EXERCISE MATERIALS:
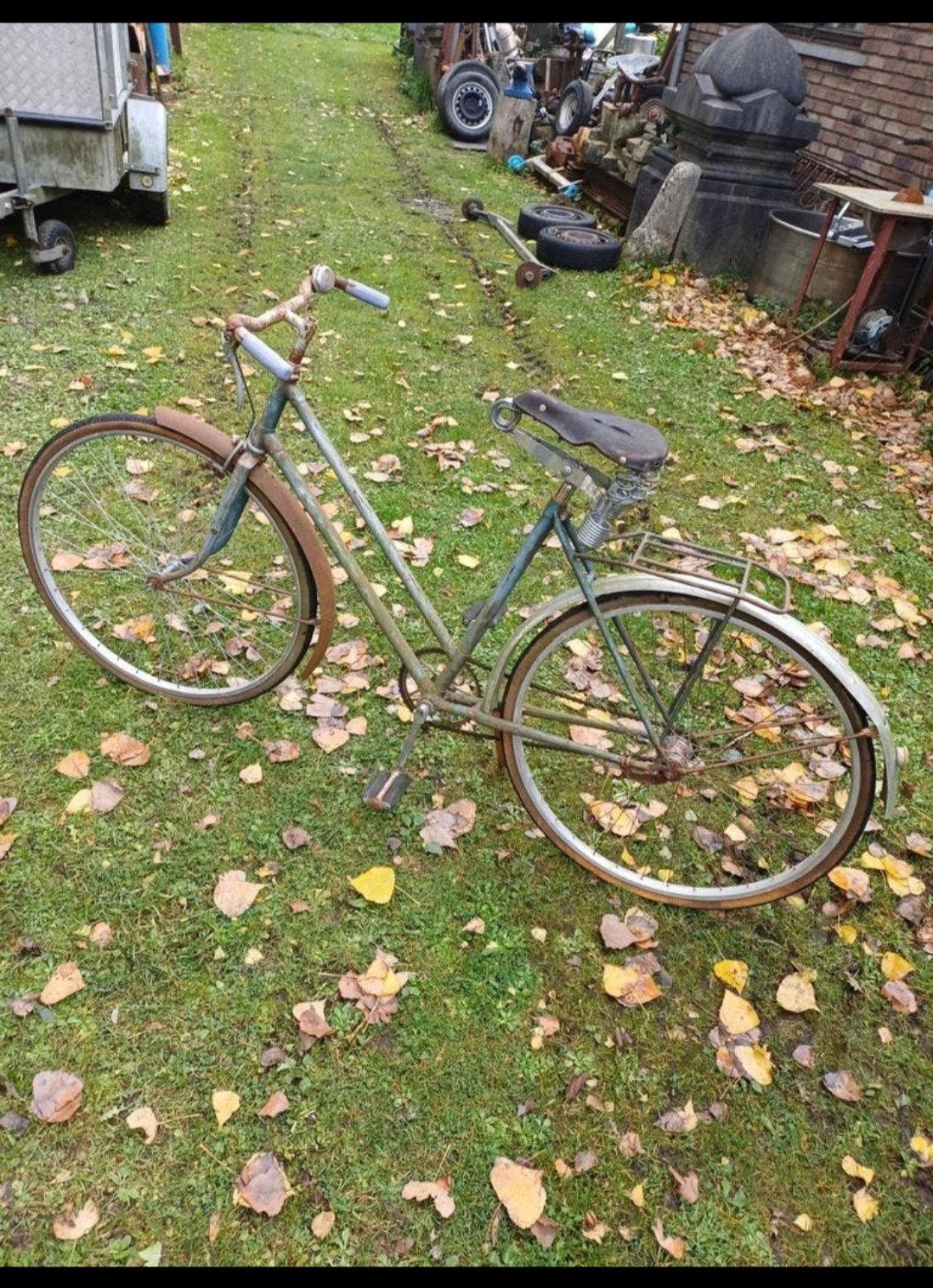 Ancien vélo de dame de fabrication belge, Enlèvement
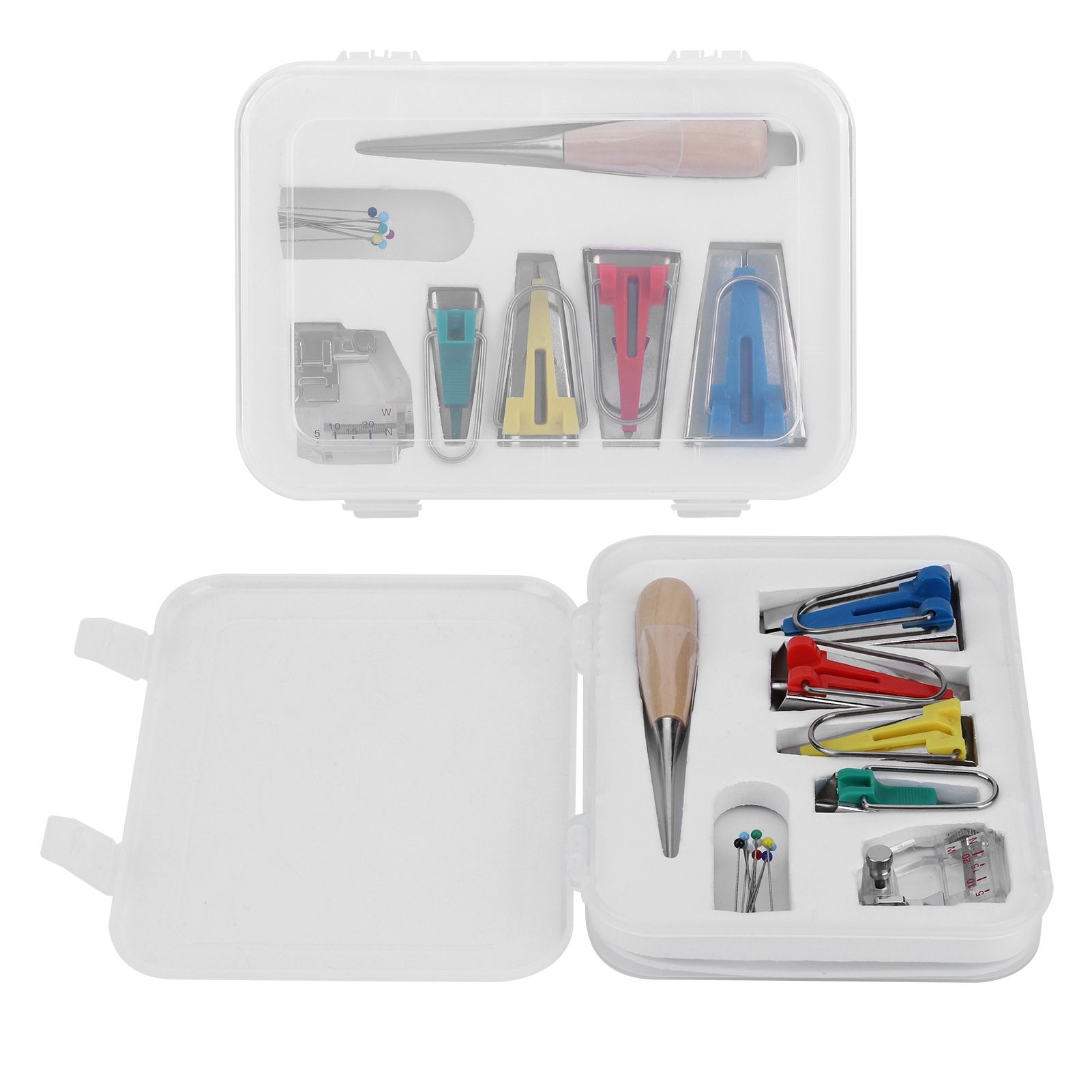 Multifunction Fabric Bias Tape Maker Set DIY Splicing Sewing Quilting Binding view 6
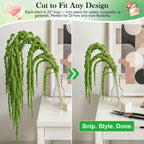 6Pcs Light Green Dried Amaranthus Hanging Flowers for Wedding Arch, 100% Natural Preserved Amaranthus Flowers for Floral Arrangement, Wall Home Decor (23 in)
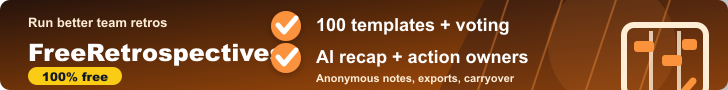 FreeRetrospectives: Free team retros with templates and voting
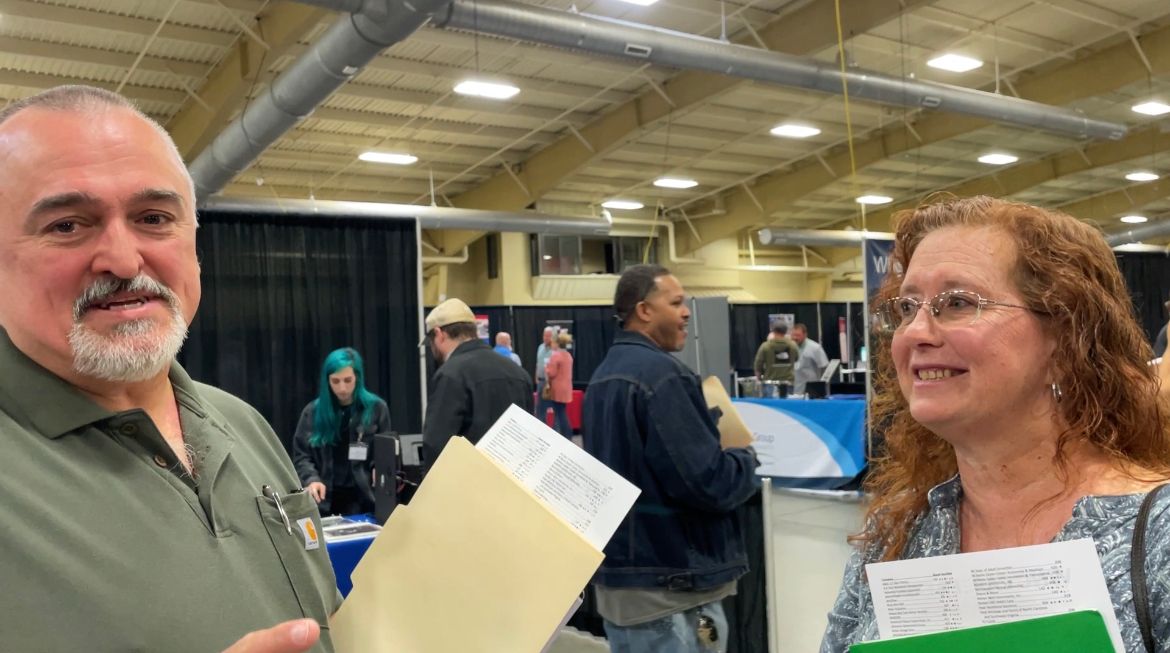 John and Dianna Davis at the WNC Career Expo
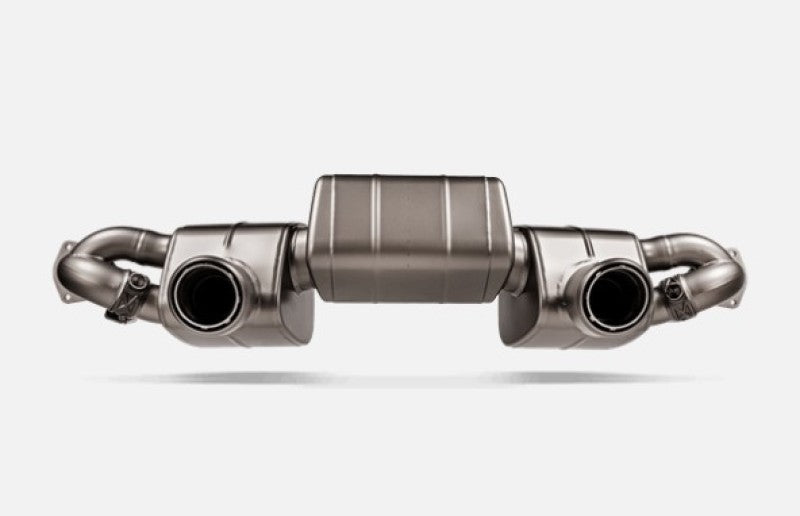 Akrapovic S-PO/TI/24 Slip-On Race Line Titanium Exhaust for 2022–2025 Porsche 718 Cayman GT4 RS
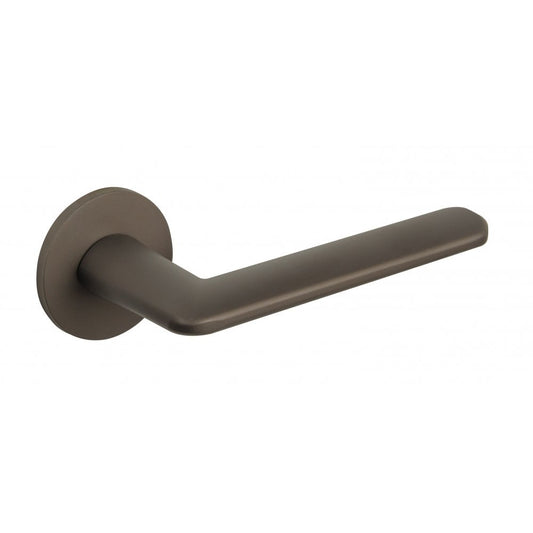 Atlantic UK Hardware Titanium Tupai Exclusivo 5S Line Tavira Designer Lever on 5mm Slimline Round Rose XT3098R5STT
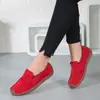 Zapatos Mocasines para Mujer de Piel de Ante Slip on Mocasines Zapatos Planos Transpirables Ligeros Zapatos Náuticos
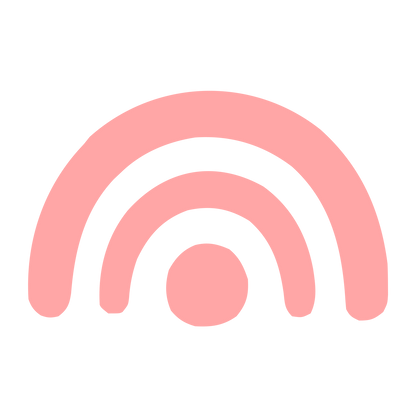 WiFi Rainbow Arc Logo #ffa6a6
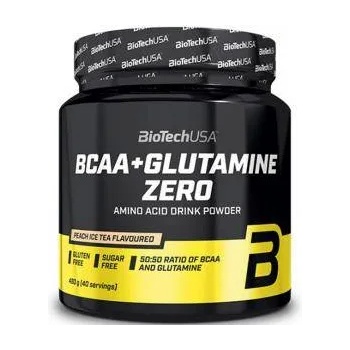 BioTechUSA Аминокиселини BCAA + Glutamine Zero - Лимон, 480 грама, 3073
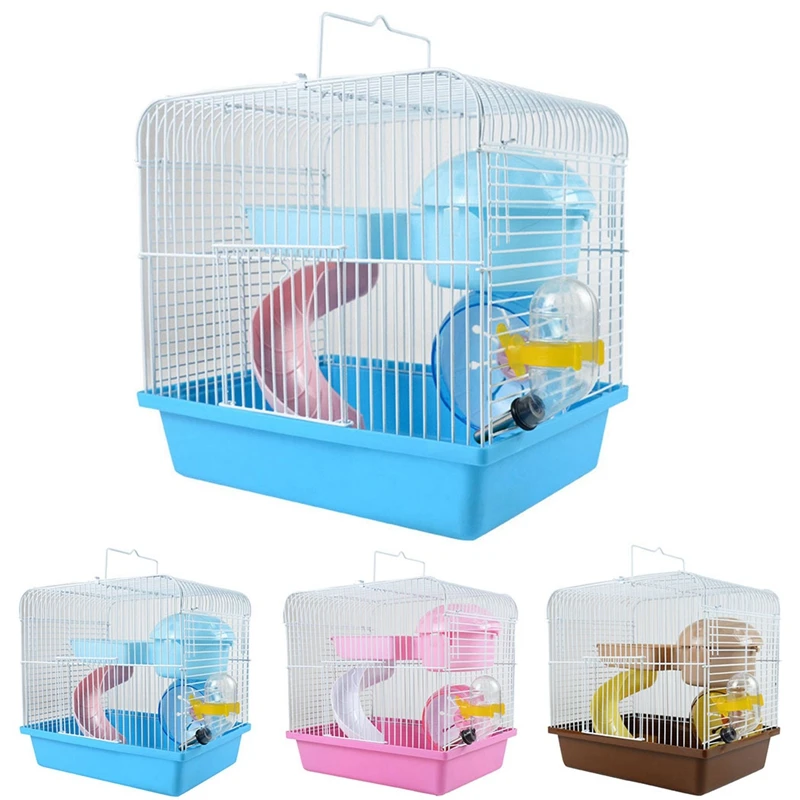 

1pc Hamster Cage Small Animals Villa Chinchilla Cave Guinea Pig Habitat Hedgehog House 3 Colors Hamster Accessories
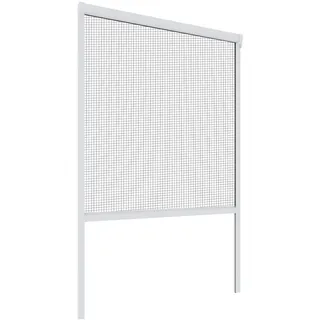 WINDHAGER Insektenschutz-Fensterrahmen Rollo Basic 130 x 160 cm Weiß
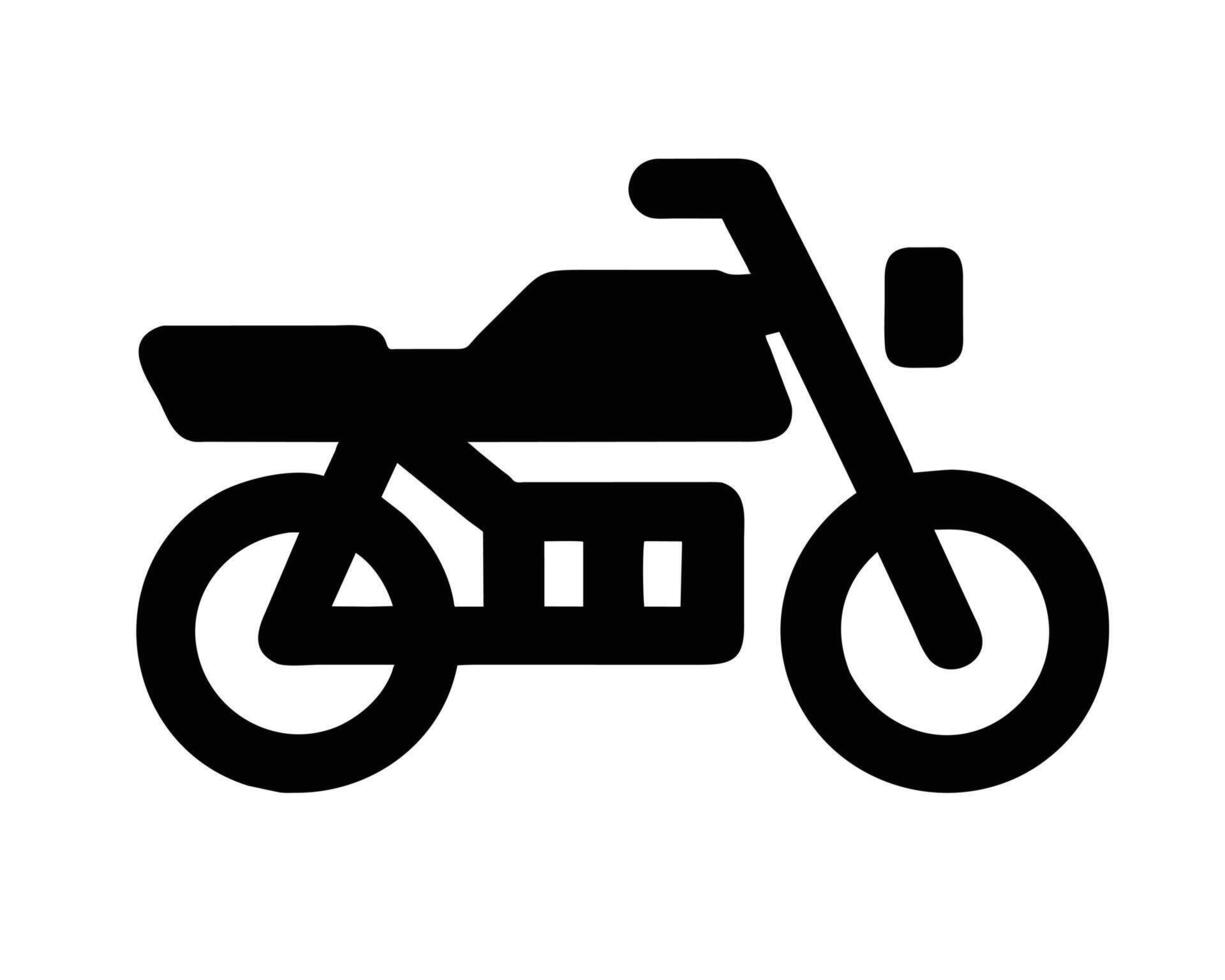Fahrrad eben Symbol Illustration vektor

WORK ITEM:
Repeat, exactly and only, the lines from the one containing "Multifunction Fabric Bias" through the final line of the data, both ends included, leaving out any picture.

RESULT OF THIS TASK:
 Multifunction Fabric Bias Tape Maker Set DIY Splicing Sewing Quilting Binding view 6
 6Pcs Light Green Dried Amaranthus Hanging Flowers for Wedding Arch, 100% Natural Preserved Amaranthus Flowers for Floral Arrangement, Wall Home Decor (23 in)
 FreeRetrospectives: Free team retros with templates and voting
 John and Dianna Davis at the WNC Career Expo
 Akrapovic S-PO/TI/24 Slip-On Race Line Titanium Exhaust for 2022–2025 Porsche 718 Cayman GT4 RS
 Atlantic UK Hardware Titanium Tupai Exclusivo 5S Line Tavira Designer Lever on 5mm Slimline Round Rose XT3098R5STT
 Zapatos Mocasines para Mujer de Piel de Ante Slip on Mocasines Zapatos Planos Transpirables Ligeros Zapatos Náuticos
 WiFi Rainbow Arc Logo #ffa6a6
 BioTechUSA Аминокиселини BCAA + Glutamine Zero - Лимон, 480 грама, 3073

1pc Hamster Cage Small Animals Villa Chinchilla Cave Guinea Pig Habitat Hedgehog House 3 Colors Hamster Accessories
 WINDHAGER Insektenschutz-Fensterrahmen Rollo Basic 130 x 160 cm Weiß
Fahrrad eben Symbol Illustration vektor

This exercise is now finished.